The National Hurricane Center in Miami said Monday evening that Air Force Reserve hurricane hunter planes found that Maria had strengthened into a storm with 160 mph (260 kph) winds.
The hurricane is about 15 miles (25 kilometers) east-southeast of Dominica and moving west-northwest at 9 mph (15 kph).
University of Miami hurricane researcher Brian McNoldy says one key sign of Maria's growing strength is what center forecasters call "the dreaded pinhole eye." Maria's eye has shrunk to 10 miles (15 kilometers) in diameter
A smaller, tighter eye makes the hurricane spin faster. McNoldy says meteorologists saw a similar pinhole eye when Hurricane Wilma set a record for lowest central pressure -- a key measure of storm power -- in 2005.

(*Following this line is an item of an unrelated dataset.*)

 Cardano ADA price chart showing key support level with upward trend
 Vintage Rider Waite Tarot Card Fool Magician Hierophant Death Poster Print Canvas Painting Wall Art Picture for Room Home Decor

Officials said Monday that the rationing is necessary to ensure everyone has access to basic items such as batteries, milk, canned foods, flashlights and other things. It does not apply to gasoline or other fuels.
Shelves at many stores were emptying out quickly as people rushed to finalize hurricane preparations. Many posted desperate pleas on social media for help in finding certain items.
Officials said some stores already were imposing their own rationing measures and stressed that more merchandise was scheduled to arrive on Monday to replenish shelves.
Elsewhere, Hurricane Jose continues to head north over the Atlantic off the U.S. East Coast, causing dangerous surf and rip currents. Tropical storm watches have been posted along the coast from Delaware to Massachusetts' Cape Cod.
The ocean is washing over parts of North Carolina's Outer Banks as Hurricane Jose passes well to the east.
The state Transportation Department said in a Facebook post Monday that the affected areas encompass Pea Island, Rodanthe, Avon and Hatteras village on Hatteras Island.
DOT is urging drivers to drive slowly through the water. All roads are passable.
The National Weather Service warns of dangerous rip currents along the coast.